INPUT DATA:
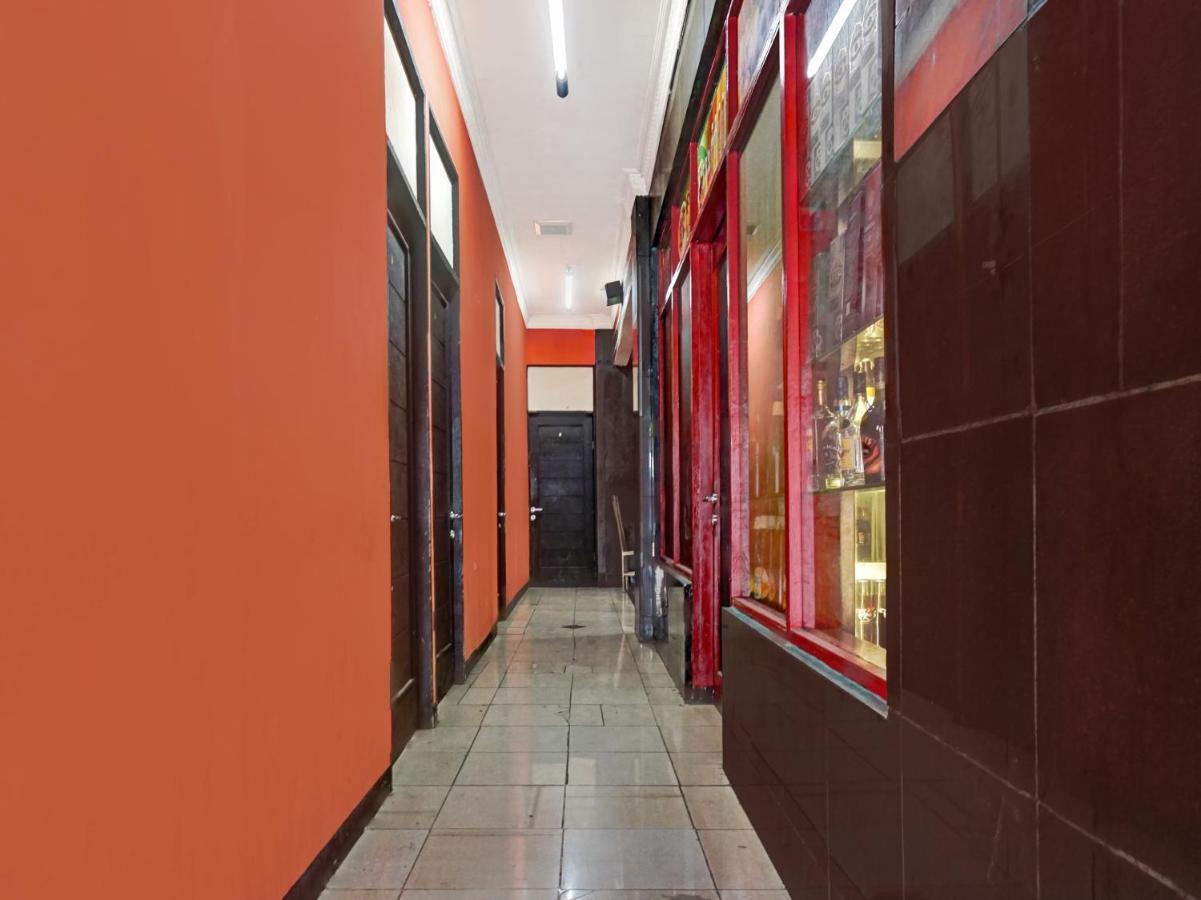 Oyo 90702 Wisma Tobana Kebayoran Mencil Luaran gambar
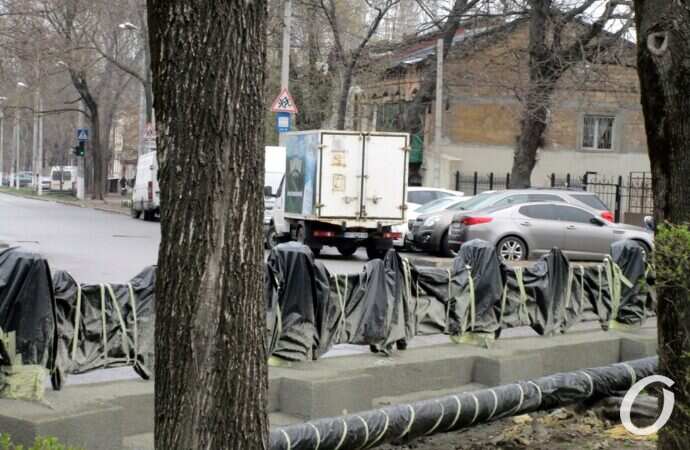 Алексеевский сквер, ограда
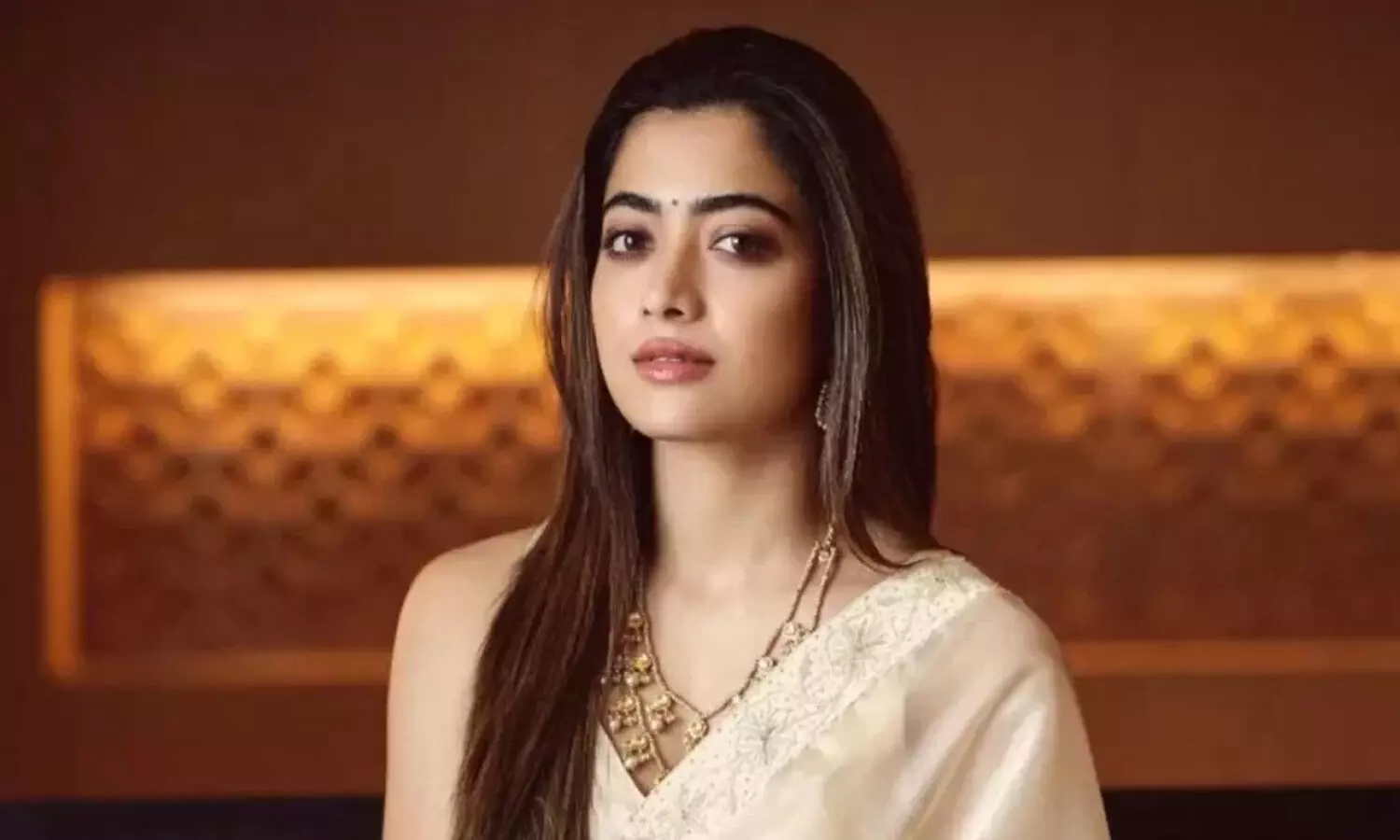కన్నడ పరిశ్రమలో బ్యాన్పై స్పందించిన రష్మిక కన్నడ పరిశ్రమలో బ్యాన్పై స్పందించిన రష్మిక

ASSIGNMENT:
Go through the material above and repeat it exactly. Omit the pictures.

SOLUTION:
 Oyo 90702 Wisma Tobana Kebayoran Mencil Luaran gambar
 Алексеевский сквер, ограда
కన్నడ పరిశ్రమలో బ్యాన్పై స్పందించిన రష్మిక కన్నడ పరిశ్రమలో బ్యాన్పై స్పందించిన రష్మిక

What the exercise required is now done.